On Monday 24 March 2014 10:38:50 Marius Liebenberg did opine:

> I found a solution. If you just put a (-) in front of the Z figure it
> travels the opposite way. You also have to swing the incremental counter
> for the no of cuts to add in stead of subtract as well.

The way your OP was worded, I thought you were asking about reversing the 
spindle, but IF the spindle has enough relays to achieve the reversal, then 
its a matter of issuing an m5 to stop it, killing enough time for it to 
stop, then issuing the m3 to start it in fwd.  This can be done 
considerably quicker if the spindle is variable speed and encoded for speed 
control.

Alternatively, an AC induction motor can have a dynamic braking stop added 
with a separate DC power supply, current limited to about the motors normal 
draw, which is switched on by the backside contacts of the run/stop relay.

That might need 100 milliseconds of dead time by staging it with two relays 
in order to allow the armature currents to decay else the power supply 
might be taking some large voltage surges at the moment of stop contact.

I have equipt mine with dynamic braking to speed up the stopping, in 3 
stages, and have some hal trickery synthesizing the stop and can now run 
the g33.1 rigid threading cycle in a loop I wrote that pecks it about 1/2 
turn per cycle so I have a chance to hit the tap  with an air hose & if 
quick enough some cutting oil.  You have to figure on the stop coast 
distance in your depth estimates, which on mine are about 1.5 turns at 300 
rpm. 2.5 maybe at 700 rpm.

The rotating mass in a 5" chuck, and a 3/1 geared down 1HP treadmill 
spindle motor are quite a bit higher than the OEM 3" chuck and motor.

And yes, 80 watts worth of the shacks 8 ohm 20 watt audio dummy load r's do 
get warmed right up. :)

For lack of a way to dynamically measure motor current, or lack of my 
ability to find power transistors with enough SOA ratings to do it that way 
(the ones I bought 5 of, in TO-247 packages, would have needed about 50 of 
them before the estimated currents per transistor would have stayed inside 
the SOA ratings), I am staging the braking resistors with a wcomp module 
watching the encoder, driving 2 ice cube relays, with terminates in a dead 
short on the motor by the time its down to about 125 rpm at the chuck.  

When the chuck is within maybe 5 degrees of stopped, the new direction is 
then clocked on out to the speed controls by hal gates and it accelerates 
from essentially zero speed in the other direction.

Po' folks version of a reversible VFD. :)  Works, but the hal file is a 
nearly 300 line monster. :)

If anyone is interested, I can have that file available on my web page by 
tomorrow afternoon, although it is in a state of flux with the lincurve 
module ATM.  Its temporarily by passed so once I get the mechanics all 
covered up again, I can program out any remaining non-linearity's in the 
requested vs actual speed.  Today I have a lengthy "honeydo" graphics job.

> On 2014-03-24 15:49, Marius Liebenberg wrote:
> > I tried that Andy but is does not work as expected.
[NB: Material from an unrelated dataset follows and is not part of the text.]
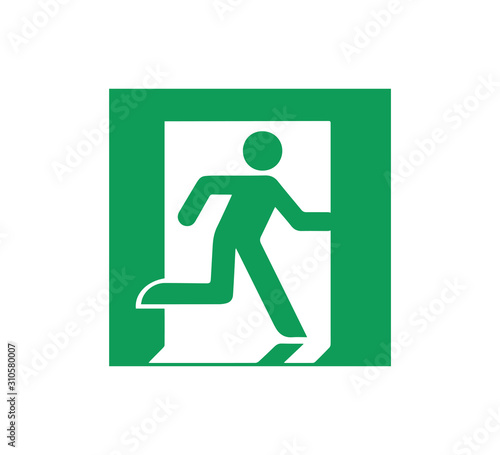 Emergency Exit Sign. Vector illustration, flat design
I will have to
> > write the routine to explicitly do that.
> > I was hoping to find a shortcut and not have to write it from scratch.
> > No problem I like learning new stuff. It's what drives me :)
> > 
> > On 2014-03-24 15:33, andy pugh wrote:
> >> On 24 March 2014 13:23, Marius Liebenberg <[email protected]> 
wrote:
> >>>    Is there a way to
> >>> 
> >>> switch between these two modes with Gcode?
> >> 
> >> I _think_ you can just use a negative diameter and it works.


Cheers, Gene
-- 
"There are four boxes to be used in defense of liberty:
 soap, ballot, jury, and ammo. Please use in that order."